1. Rethinking ‘use-by’ and ‘best-before’ dates

Labelling can play a big part in transforming the global food system. According to the European Food Information Council (EUFIC), ‘best before’ refers to food quality, and the food can often be after that date. On the other hand, ‘use by’ refers to food safety, and foods should NOT be eaten after that date. 

However, universally, there is a lack of understanding amongst consumers around expiry dates and what they mean, which leads to food waste. Sustainability experts at WRAP have estimated that out of 490 million pints of milk wasted, 85 million are thrown away because customers stick to the ‘use-by’ date. 

In the 2020 edition of the Tetra Pak Index, 39% of global consumers said they throw away food because the ‘best before’ date has passed, even if it doesn’t smell or look bad. Meanwhile, 30% would ‘never’ consider consuming a product after its expiry date, and over a third would only do so for certain products. 

Scrapping ‘use-by’ and ‘best before’ dates altogether is one potential solution to food waste, as many US and UK supermarkets are doing. It empowers consumers to be a part of the solution, as they become the ones who determine whether the food gets used.
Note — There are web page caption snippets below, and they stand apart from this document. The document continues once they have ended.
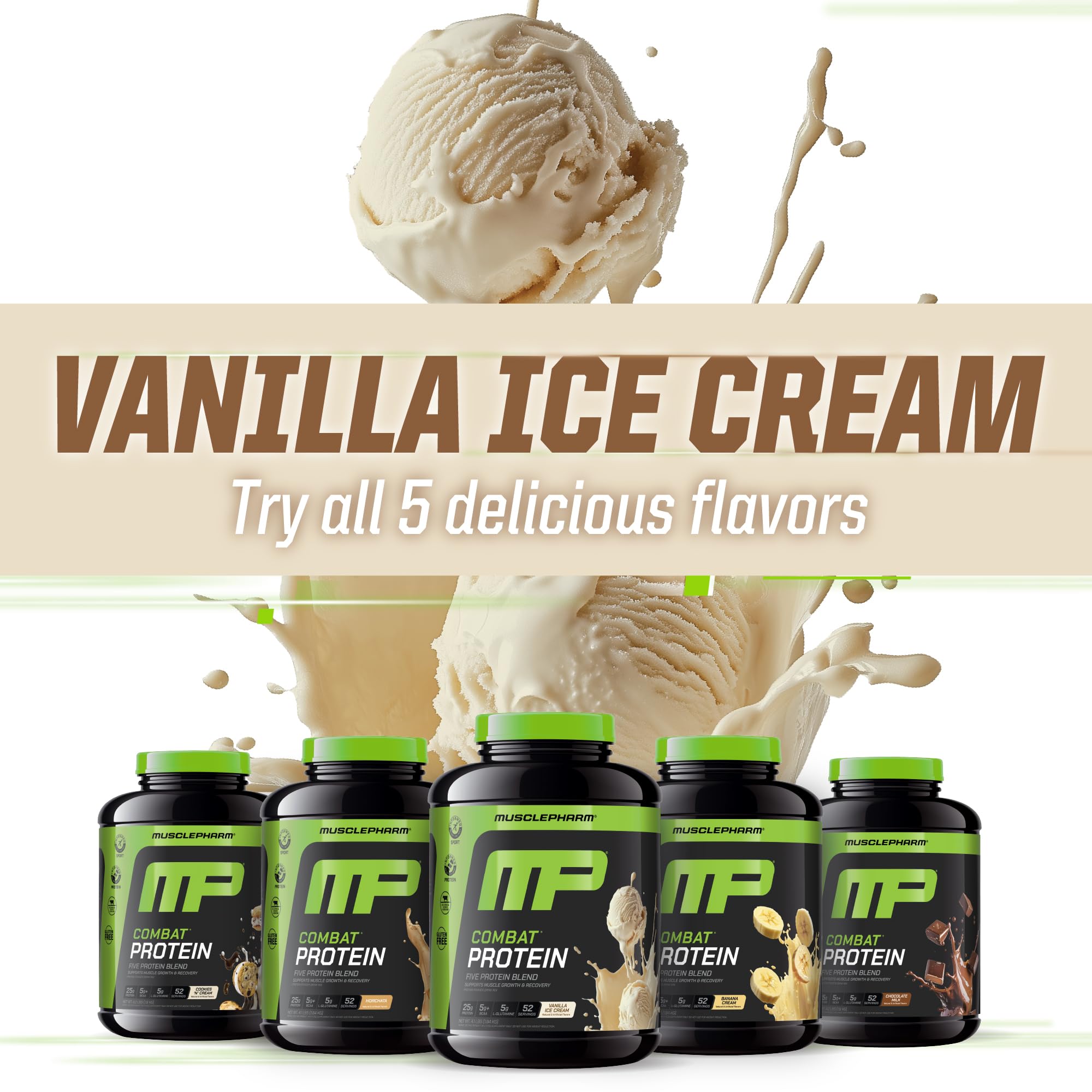 Batido de vainilla MusclePharm combinado con frutas para desayuno proteico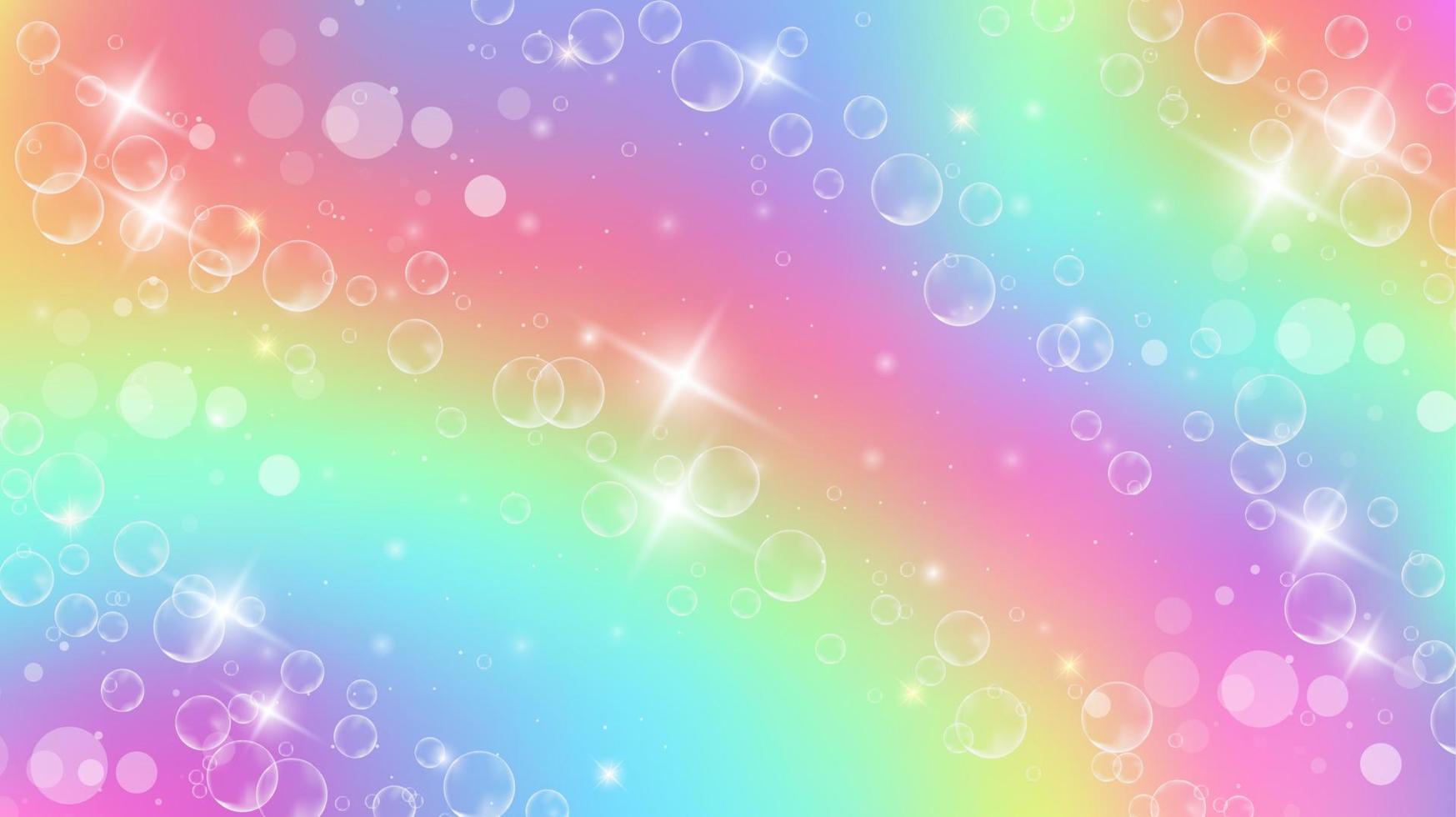 Rainbow fantasy background. Holographic illustration in pastel colors. Cute cartoon girly background. Bright multicolored sky with stars and bokeh. Vector illustration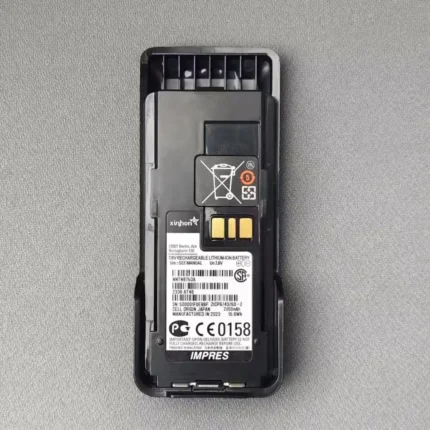 Detail shot of the Motorola NNTN8750A IMPRES 2075mAh APX4000H radio battery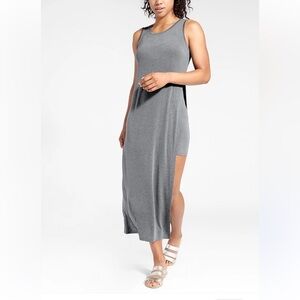 Athleta Gaia Layered Maxi Dress Heather Gray  Side Slit Sleeveless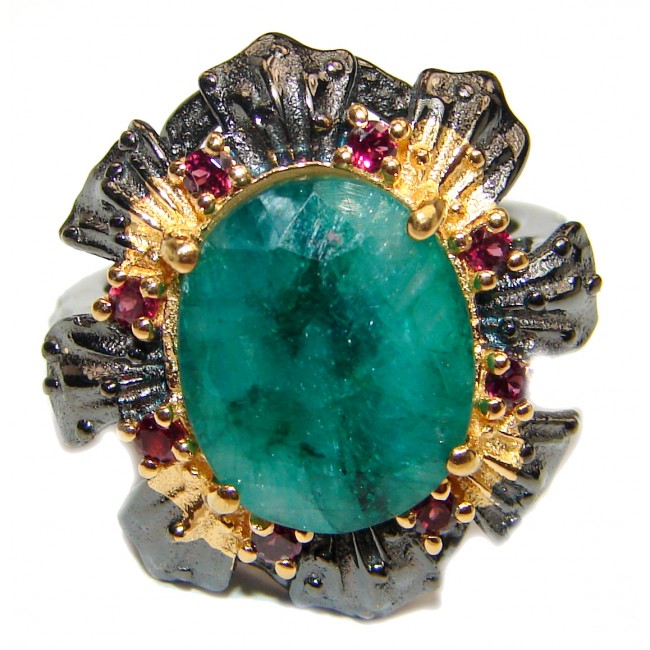 Victorian Style Emerald & Garnet 14K Gold over .925 Sterling Silver Ring s. 7 1/4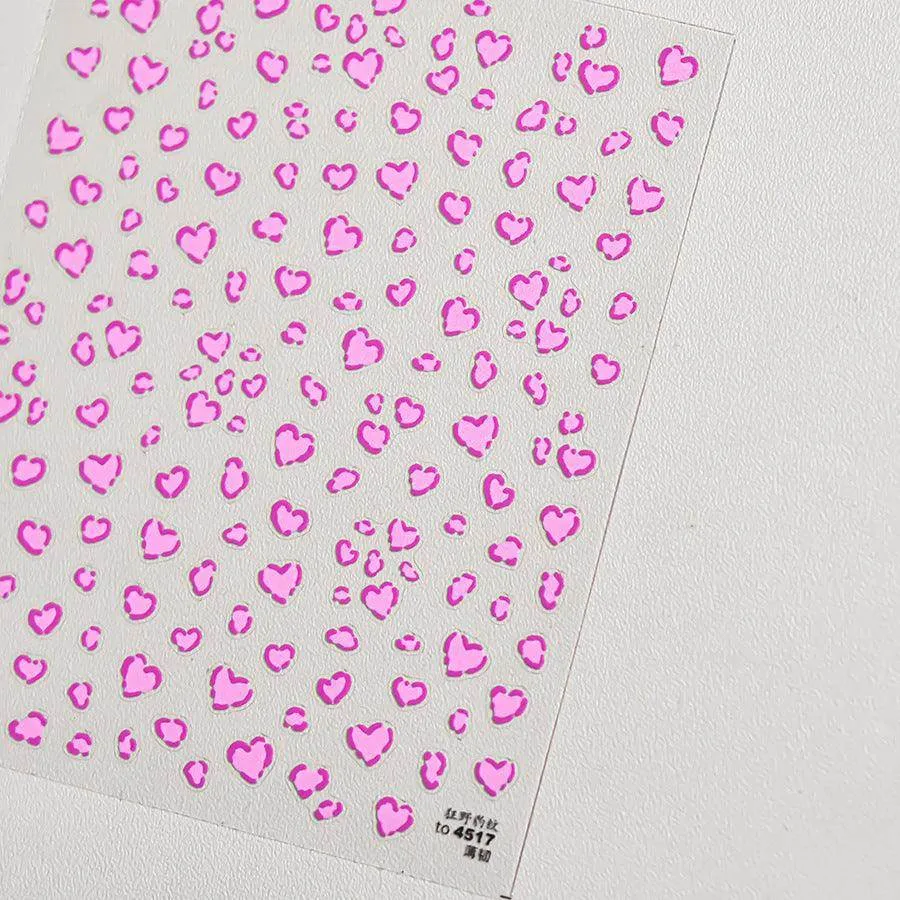 Leopard Print Nail Art Stickers Heart Shape Adhesive Embossed Sticker Decals to4516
Of course, the success of these actions will depend on whether consumers notice and understand the difference, and whether they’re able to adjust their behaviour in a way that makes an impact.

2. Supporting new consumer habits

Educating consumers on any misconceptions can go a long way in the fight against food waste and clarifying their perception of products – especially product quality – is very important.

For example, in some countries, pasteurised milk is seen as more fresh than UHT (ultra-high temperature) treated milk. However, pasteurisation and UHT are simply different heat treatments that have different influences on product taste. UHT milk has a longer shelf life and a lower carbon footprint because it does not require a cold chain. 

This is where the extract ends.